Žan-Luk Leban

Personal information
- Date of birth: 15 December 2002 (age 23)
- Place of birth: Trbovlje, Slovenia
- Height: 1.88 m (6 ft 2 in)
- Position: Goalkeeper

Team information
- Current team: Celje
- Number: 1

Youth career
- 0000–2019: FCB Escola Varsovia
- 2019–2023: Everton

Senior career*
- Years: Team / Apps / (Gls)
- 2021–2025: Everton / 0 / (0)
- 2023–2024: → Farsley Celtic (loan) / 41 / (0)
- 2025–: Celje / 29 / (0)

International career
- 2017–2018: Slovenia U16 / 4 / (0)
- 2018–2019: Slovenia U17 / 10 / (0)
- 2023–2025: Slovenia U21 / 5 / (0)

= Žan-Luk Leban =

Slovenian footballer (born 2002)

Žan-Luk Leban (born 15 December 2002) is a Slovenian professional footballer who plays as a goalkeeper for Slovenian PrvaLiga club Celje.
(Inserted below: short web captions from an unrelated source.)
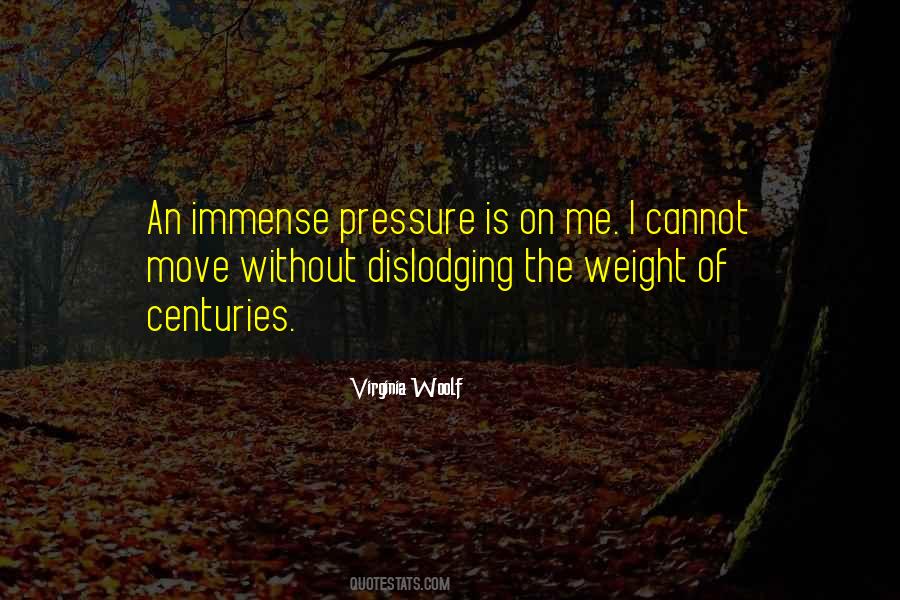 Without Pressure Quotes #808563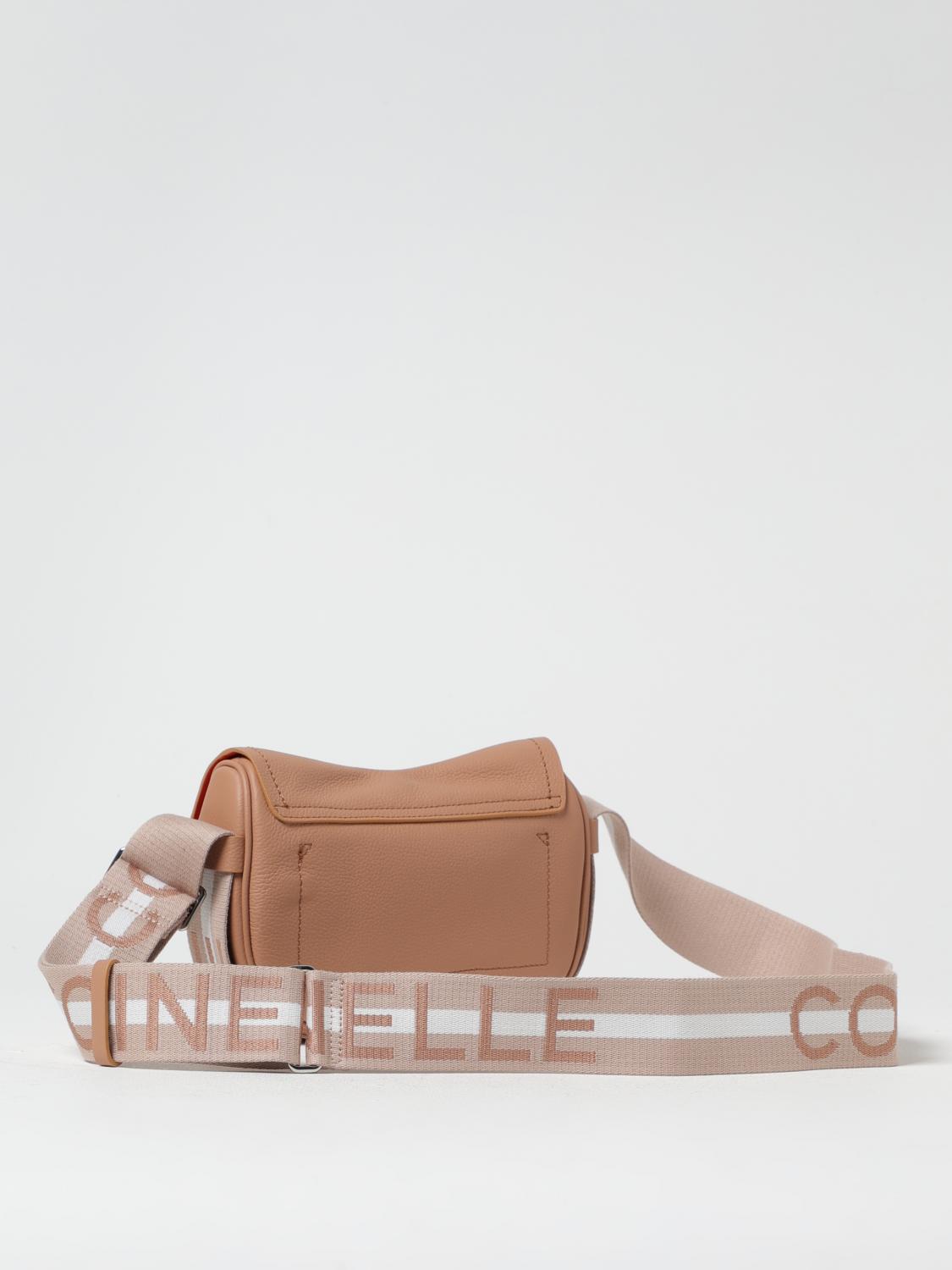 Coccinelle Mini Bag Woman Beige
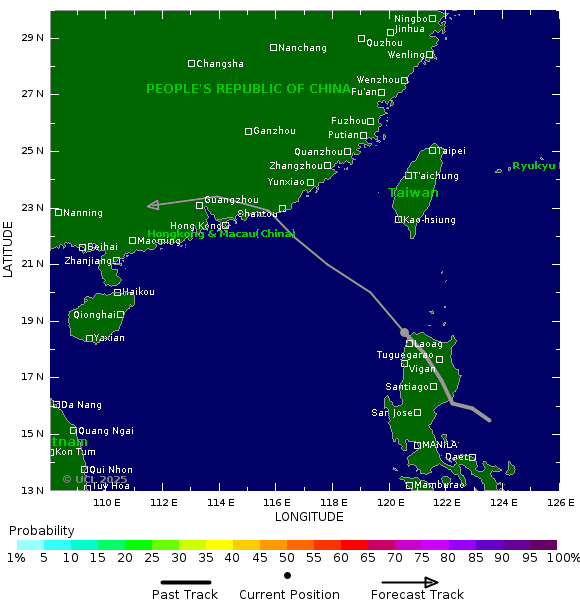 Storm Tracker Map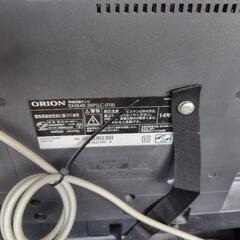 【テレビ＋テレビ台】オリオン 48V型 液晶テレビ DNX48-3BP  2014年の画像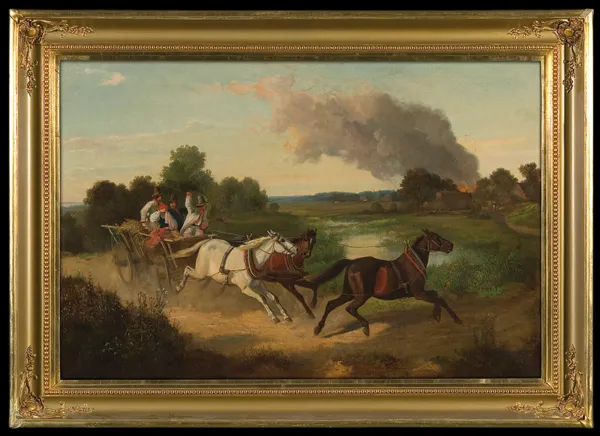 Józef Jaroszyński, DO POŻARU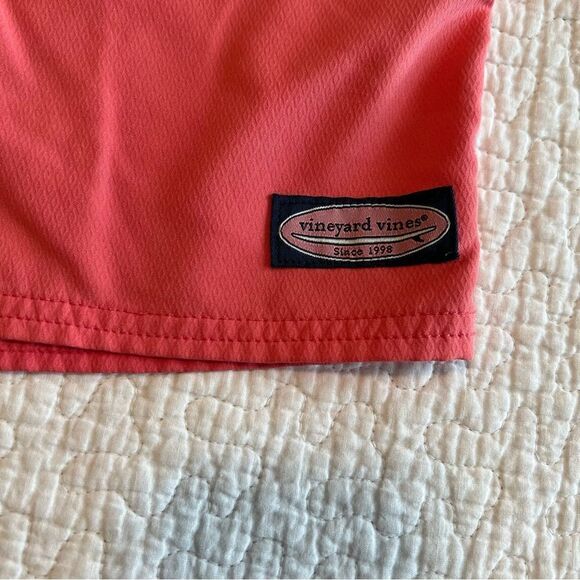 ✨ Vineyard Vines Men’s Coral Unlined 9” Swim Trunks 38 - Picture 4 of 12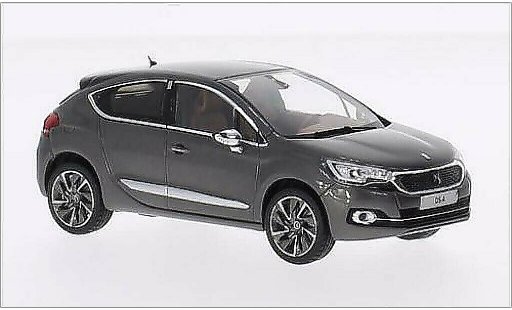DS Automobiles DS4 Berline 1/43 Norev metallicoo grigio/nero 2015 modellini auto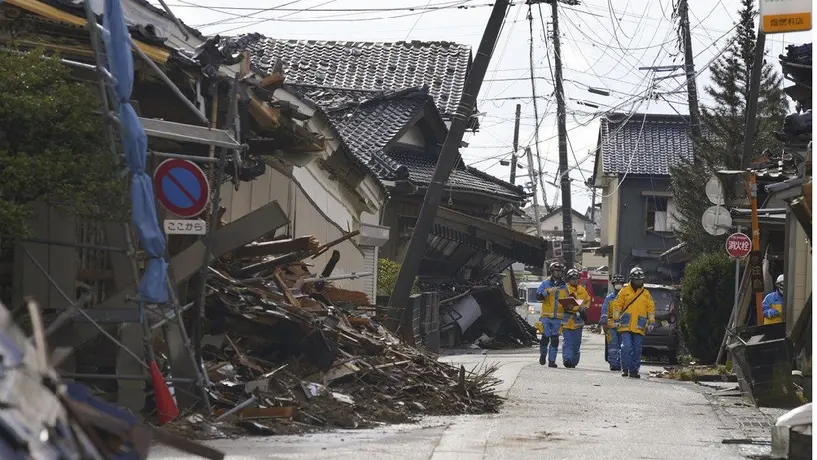 Fuerte sismo sacude de nuevo a Japón. Te contamos qué ha pasado hasta el momento
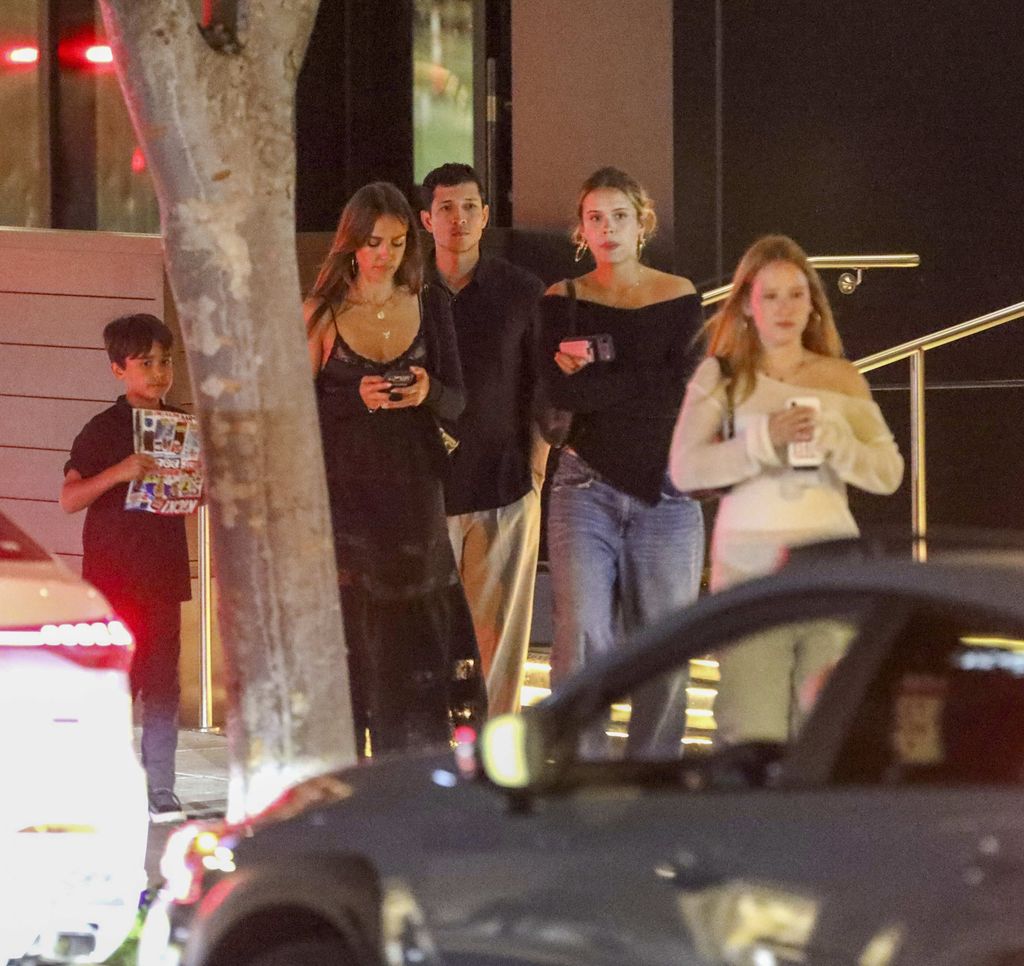 Danny Ramirez salió con Jessica y sus hijos Honor, Haven y Hayes.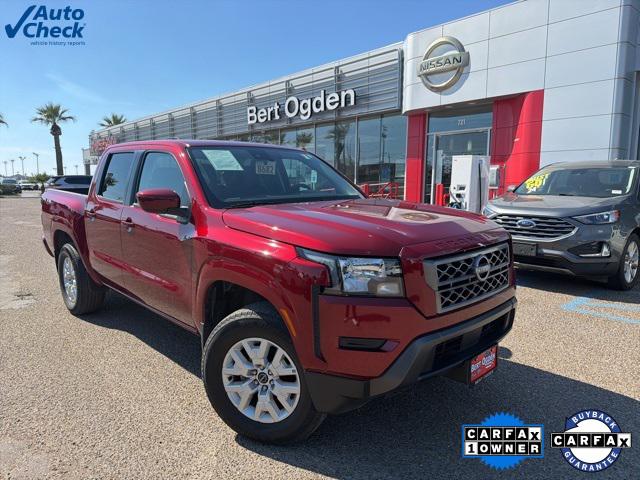 2023 Nissan Frontier Crew Cab SV 4x4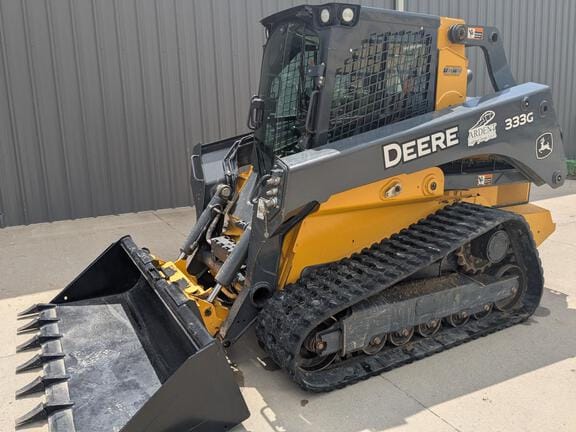 2019 John Deere 333G Equipment Image0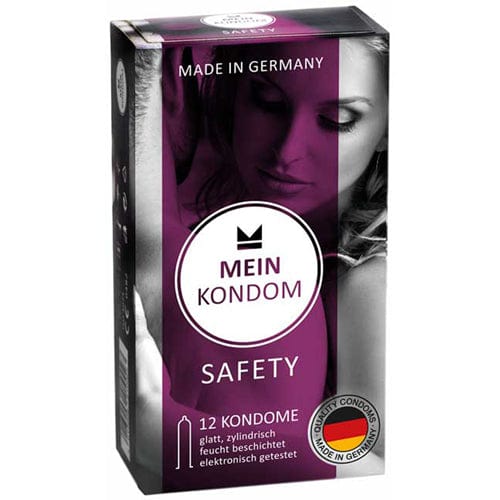 MEIN KONDOM Kondome MEIN KONDOM Kondome Mein Kondom Safety - 12 Kondome diskret bestellen bei marielove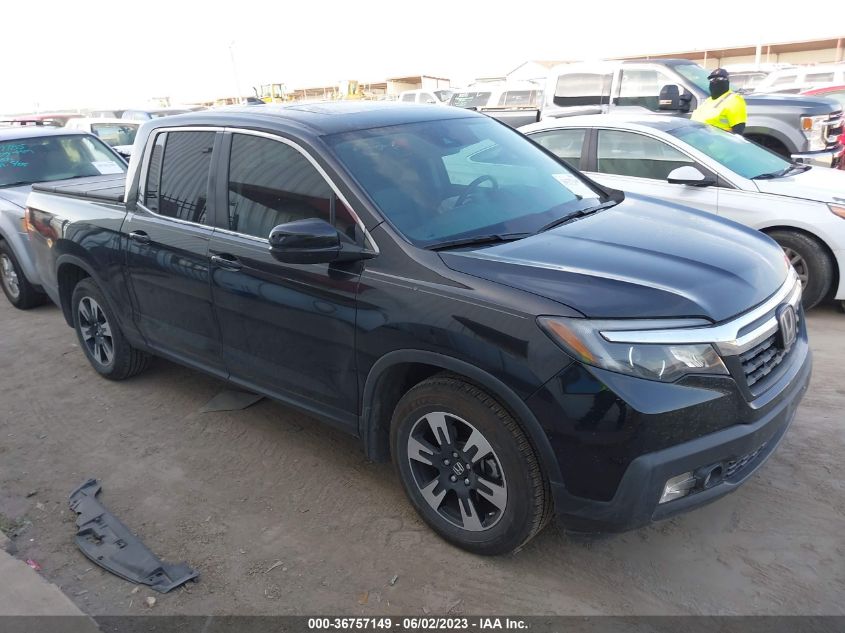 2020 HONDA RIDGELINE RTL - 5FPYK2F57LB000795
He played for Slovenia's under-16, under-17 and under-21 teams.

== Early life ==
Born in Trbovlje, Leban moved to Poland at the age of six as his parents were looking for work. As a youth player for FCB Escola Varsovia, he attracted the likes of Barcelona, Manchester United, Tottenham Hotspur, Leicester City, and Liverpool. At the age of 15, he attended trials with Barcelona and almost signed for the team.

== Club career ==

=== Everton ===
Leban joined Everton's youth academy in June 2019. In the 2020–21 FA Youth Cup fourth round match against Manchester City, Leban made some important saves and was praised for his performance as Everton won 1–0. He was first included in the Everton senior squad on 20 March 2021 for the 2020–21 FA Cup quarter-final match against Manchester City, when Everton manager Carlo Ancelotti called up two youth goalkeepers due to injuries; however, he was an unused substitute as João Virgínia started the match.

In February 2023, Leban extended his contract with Everton until the summer of 2025.

In August 2023, he went on a season-long loan to National League North side Farsley Celtic.

After the 2024–25 season, Leban departed Everton upon the expiration of his contract.

== Personal life ==
He is the son of former Slovenian basketball international Boštjan Leban.